_Task brief_: All of the data below should be printed again exactly, pictures excluded.

_Listed records_:
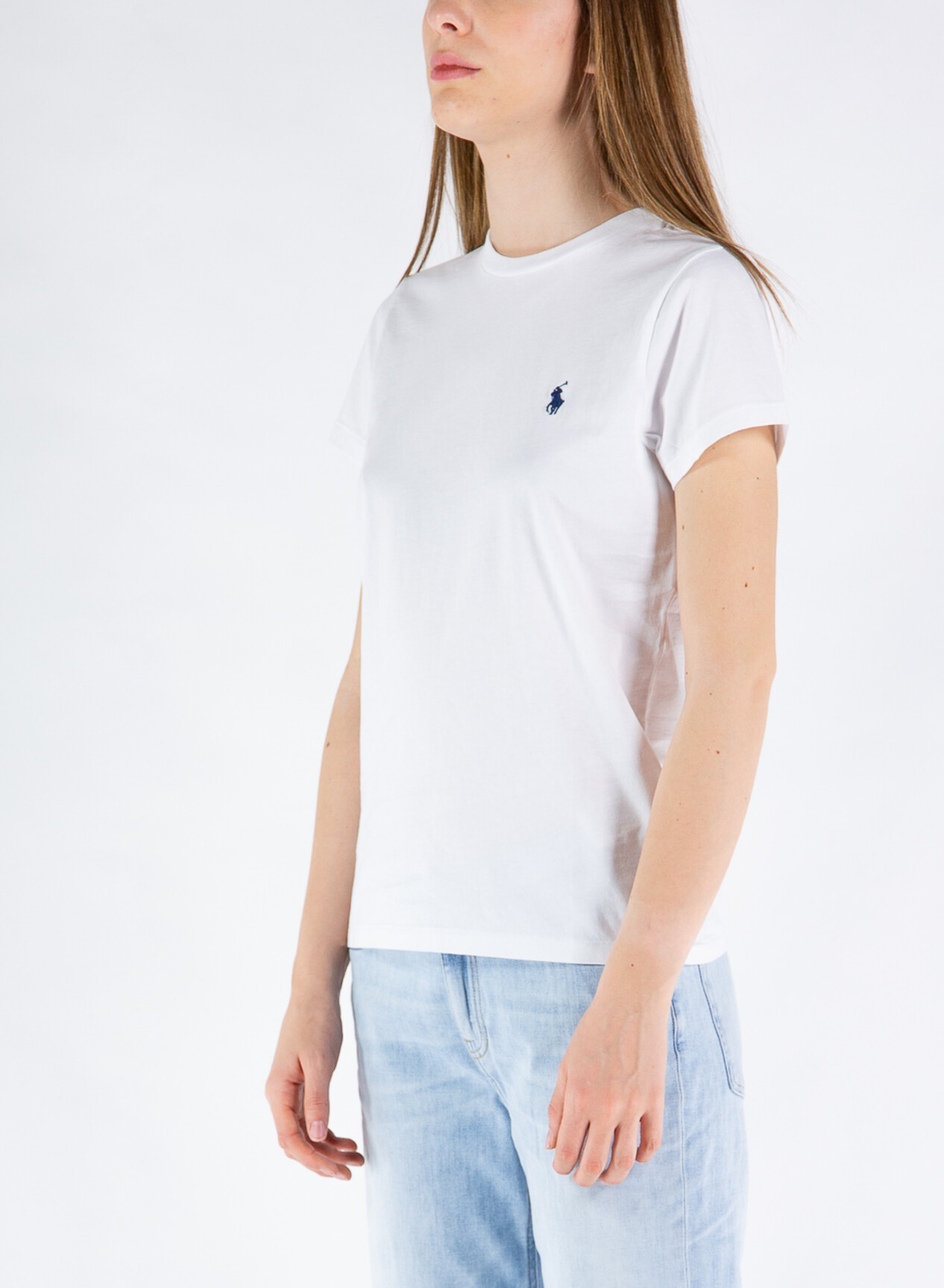 POLO RALPH LAUREN T SHIRT BASIC LOGO 2077688 Susi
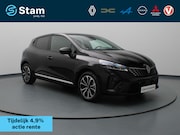 Renault Clio - E-Tech Hybrid 145 Techno Camera | Cruise | Navi | Parkeersen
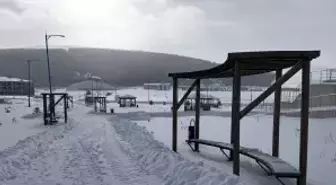 Erzurum, Ardahan, Kars ve Tunceli'de soğuk hava etkili oluyor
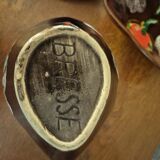 Vintage Bresse ceramics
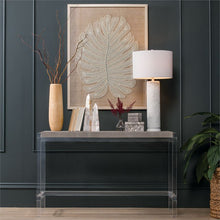 Load image into Gallery viewer, Cassian Console Table
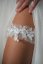 Svadobný podväzok GARTER 7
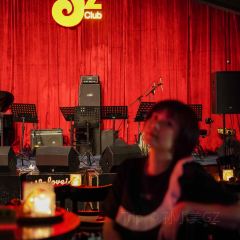 JZClub爵士酒吧（廣州店）張用戶圖片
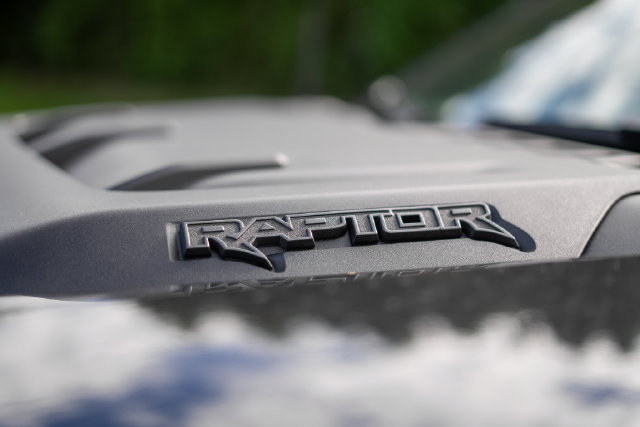 New 2026 Ford F150 Raptor AWD/4WD image 11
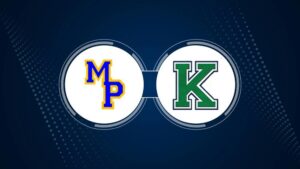 Mount Pleasant vs. A.L. Brown High School girl's volleyball live stream, TV – Wednesday, August 28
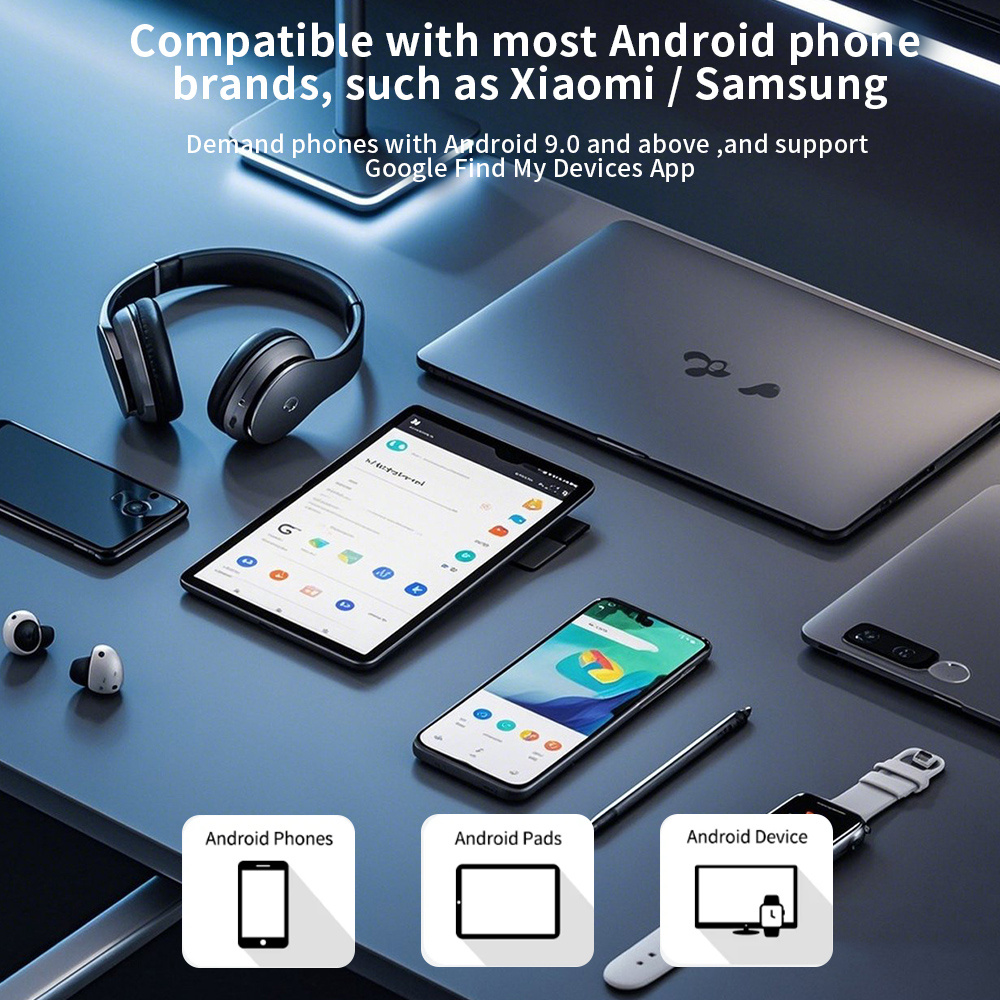 2/4-Pack Bluetooth GPS Tracker – Smart Home Hub Xiaomi Bewertung und Preis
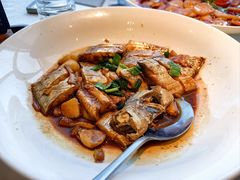 红烧带鱼-高佳庄·舟山海鲜(海景旗舰店)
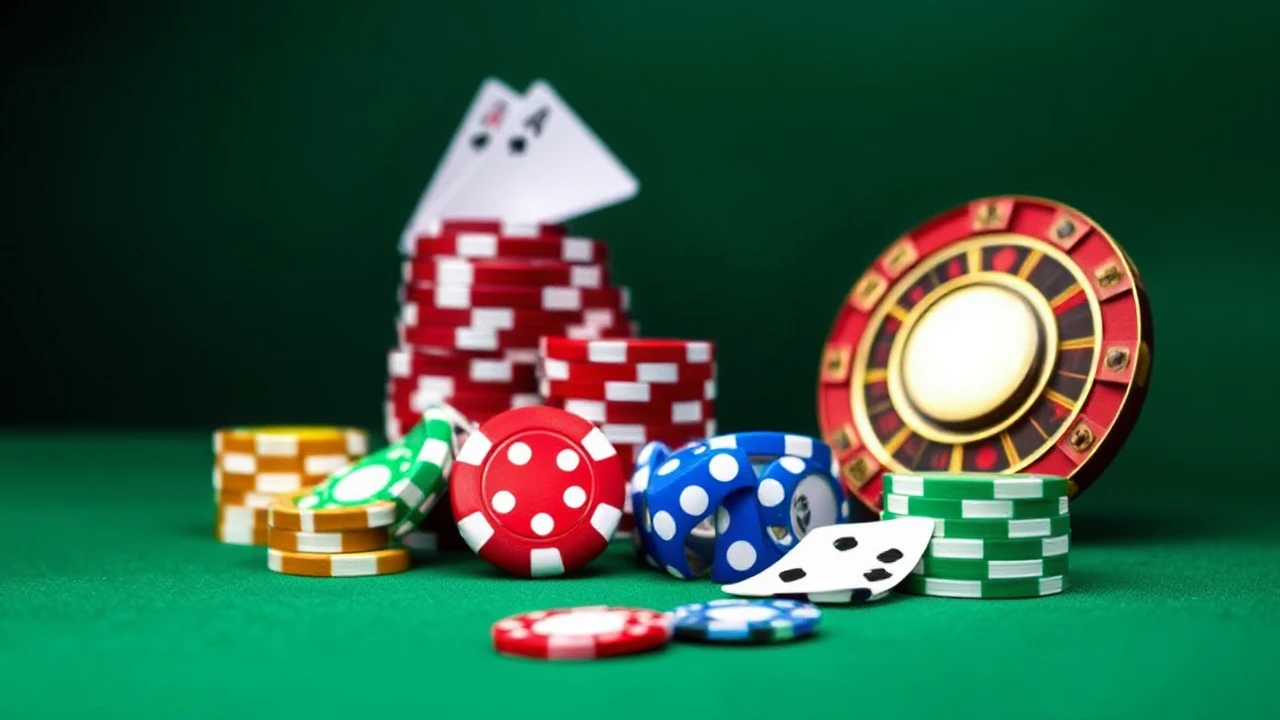 Unveiling the Top Casino Myths Dispelled: Clarifying Fact from Fiction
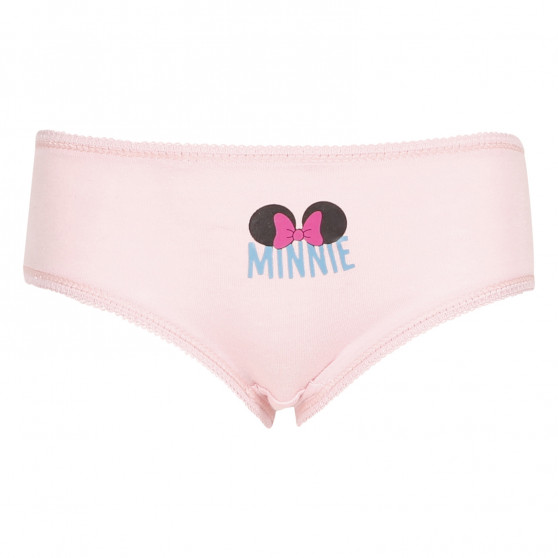 3PACK tüdrukute aluspüksid E plus M Minnie mitmevärviline (52 33 9866)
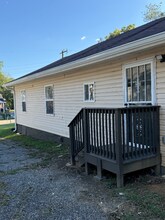 4033 Porter Ave in Knoxville, TN - Foto de edificio - Building Photo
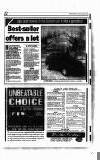 Newcastle Evening Chronicle Tuesday 22 September 1992 Page 34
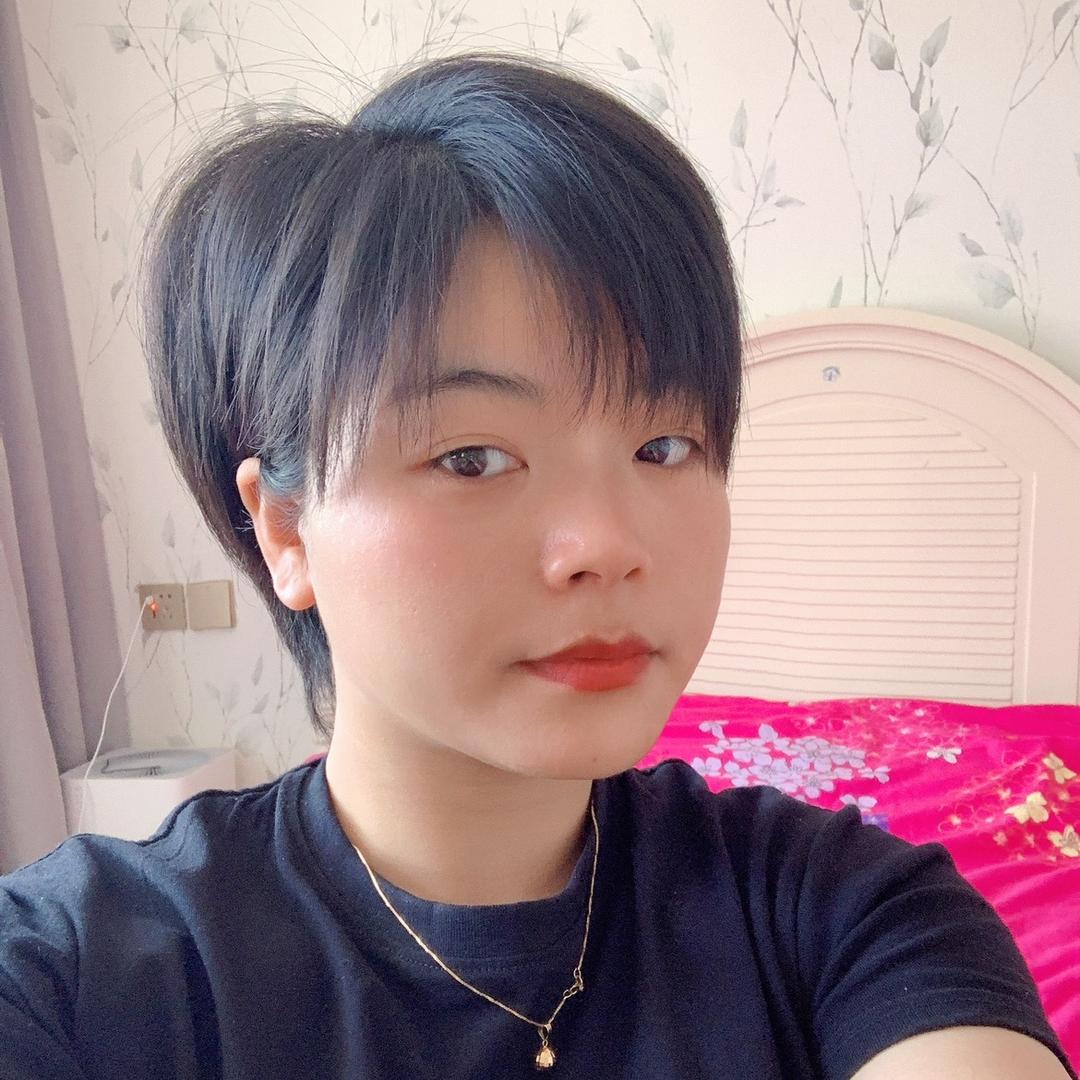 洋仔妈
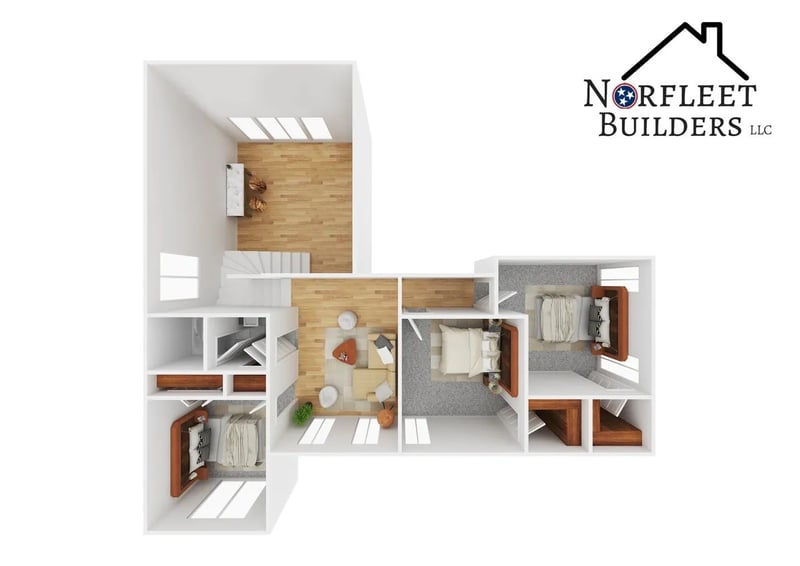 105 Esteph Ct, White House, TN 37188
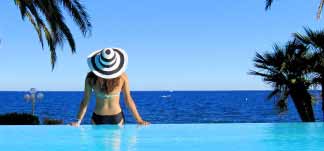 Hotel e camere a Sifnos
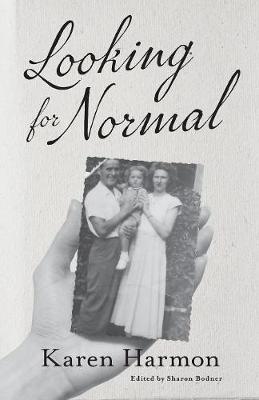 Looking For Normal (Paperback)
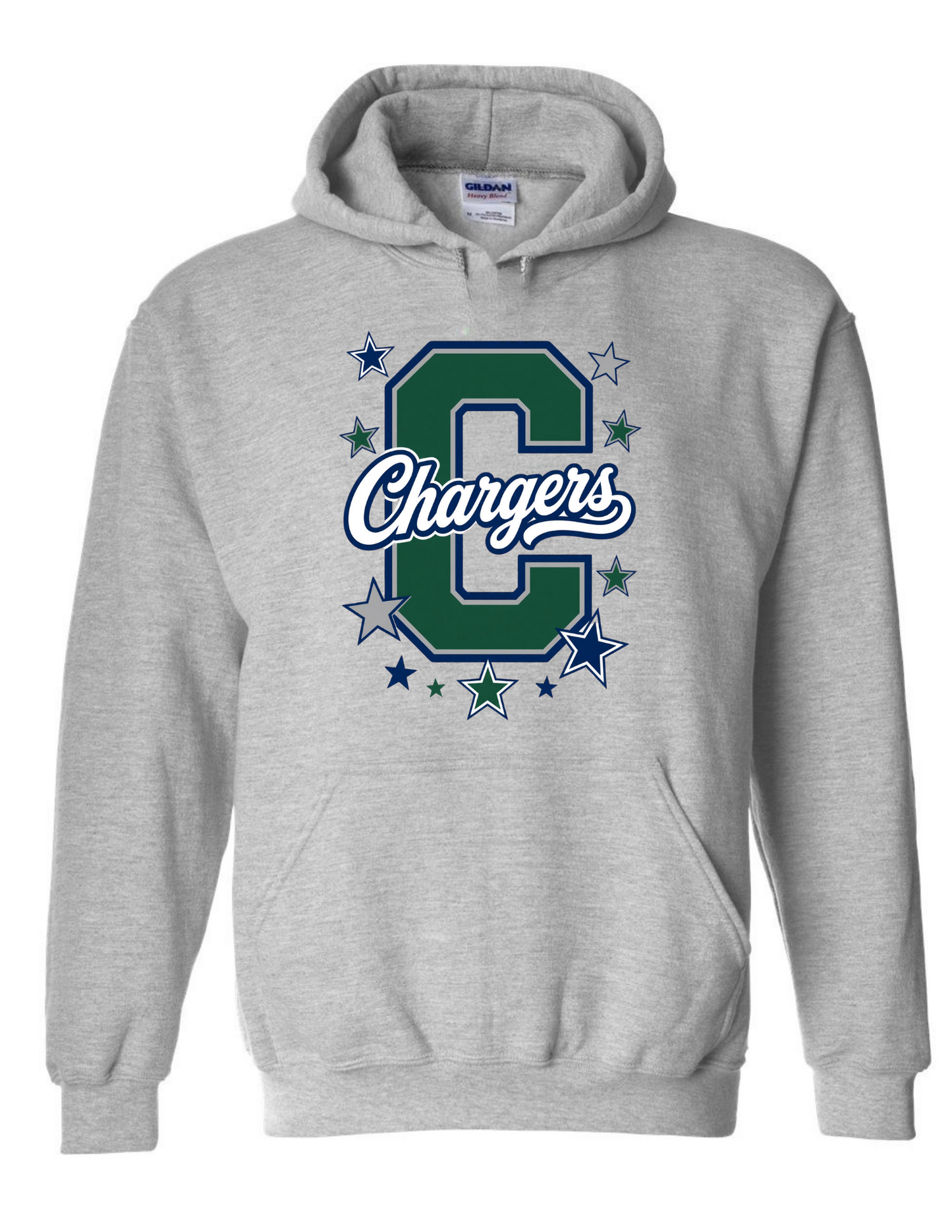 Big C Chargers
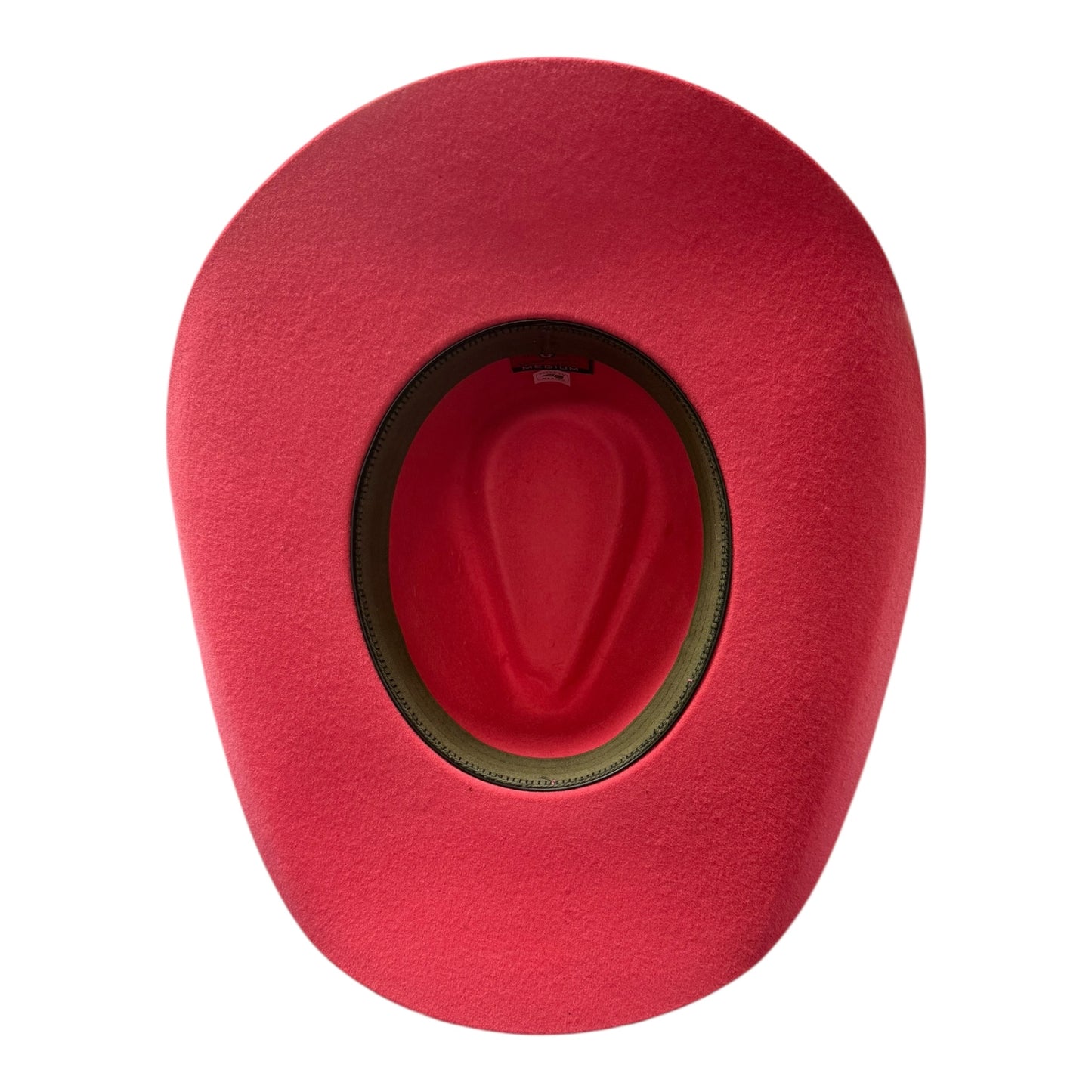 DURANGO FUCSHIA 5X WOOL CASHMERE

_Result below_:
 POLO RALPH LAUREN T SHIRT BASIC LOGO 2077688 Susi
 Renault Clio - E-Tech Hybrid 145 Techno Camera | Cruise | Navi | Parkeersen
 Erzurum, Ardahan, Kars ve Tunceli'de soğuk hava etkili oluyor
 Vintage Bresse ceramics
 Load image into Gallery viewer, Cassian Console Table
 Svadobný podväzok GARTER 7
 JZClub爵士酒吧（廣州店）張用戶圖片
 New 2026 Ford F150 Raptor AWD/4WD image 11
 Mount Pleasant vs. A.L. Brown High School girl's volleyball live stream, TV – Wednesday, August 28
 2/4-Pack Bluetooth GPS Tracker – Smart Home Hub Xiaomi Bewertung und Preis
 红烧带鱼-高佳庄·舟山海鲜(海景旗舰店)
 Unveiling the Top Casino Myths Dispelled: Clarifying Fact from Fiction
 3PACK tüdrukute aluspüksid E plus M Minnie mitmevärviline (52 33 9866)
 4033 Porter Ave in Knoxville, TN - Foto de edificio - Building Photo
 Newcastle Evening Chronicle Tuesday 22 September 1992 Page 34
 洋仔妈
 105 Esteph Ct, White House, TN 37188
 Hotel e camere a Sifnos
 Looking For Normal (Paperback)
 Big C Chargers
 DURANGO FUCSHIA 5X WOOL CASHMERE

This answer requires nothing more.